Member of the KwaZulu-Natal Executive Council for Social Development
- In office November 2011 – May 2019
- Premier: Zweli Mkhize; Senzo Mchunu; Willies Mchunu;
- Preceded by: Meshack Radebe
- Succeeded by: Nonhlanhla Khoza

Member of the KwaZulu-Natal Executive Council for Arts, Culture, Sports and Recreation
- In office May 2009 – November 2011
- Premier: Zweli Mkhize
- Preceded by: Herself (for Arts, Culture and Tourism)
- Succeeded by: Ntombikayise Sibhidla-Saphetha

Personal details
- Born: 1951 or 1952 (age 73–74)
- Citizenship: South Africa
- Party: African National Congress
- Spouse: Brian Thusi (died 2018)

= Weziwe Thusi =

South African politician (born 1951 or 1952)

Weziwe Gcotyelwa Thusi (born 1951 or 1952) is a South African politician who represented the African National Congress (ANC) in the KwaZulu-Natal Provincial Legislature and KwaZulu-Natal Executive Council until 2019. Most prominently, she was KwaZulu-Natal's Member of the Executive Council (MEC) for Social Development from 2011 to 2019. She later served as Speaker of the eThekweni Metropolitan Council from 2019 until 2021, when she resigned from politics.

== Political career ==
Thusi was born in 1951 or 1952. She represented the ANC in the KwaZulu-Natal Legislature and Executive Council prior to 2009, including as MEC for Arts, Culture and Tourism under Premier Sbu Ndebele. In the 2009 general election, she was re-elected to the provincial legislature and was appointed MEC for Arts, Culture, Sports and Recreation by newly elected Premier Zweli Mkhize.' In November 2011, in a reshuffle by Mkhize, she was appointed MEC for Social Development. She retained the social development portfolio for the next eight years, through the rest of Mkhize's premiership and throughout the tenure of his successors, Senzo Mchunu and Willies Mchunu; she was re-elected to her legislative seat in the 2014 general election, ranked 12th on the ANC's provincial party list.

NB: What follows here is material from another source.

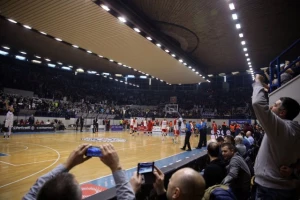 Krcata ''Hala sportova'', znate li ko još večeras bodri Partizan?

In the 2019 general election, Thusi was re-elected to the provincial legislature, ranked 26th on the ANC's party list, but newly elected Premier Sihle Zikalala appointed Nonhlanhla Khoza to succeed her in the Executive Council. Less than three months into the legislative term, the ANC announced that Thusi would leave the provincial legislature to join the eThekweni Metropolitan Municipality as a local councillor and the ANC's candidate for Speaker of the eThekweni council. She later said that she had intended to resign from politics in 2019 but had felt obliged to represent the ANC in eThekweni when asked by the party. She was elected as eThekweni Speaker in early September 2019, succeeding William Mapena. She left the council after the 2021 local elections, in which the ANC did not nominate her for re-election as a councillor.

== Personal life ==
Thusi was married to jazz musician Nhlanhla Brian Thusi, who died in July 2018.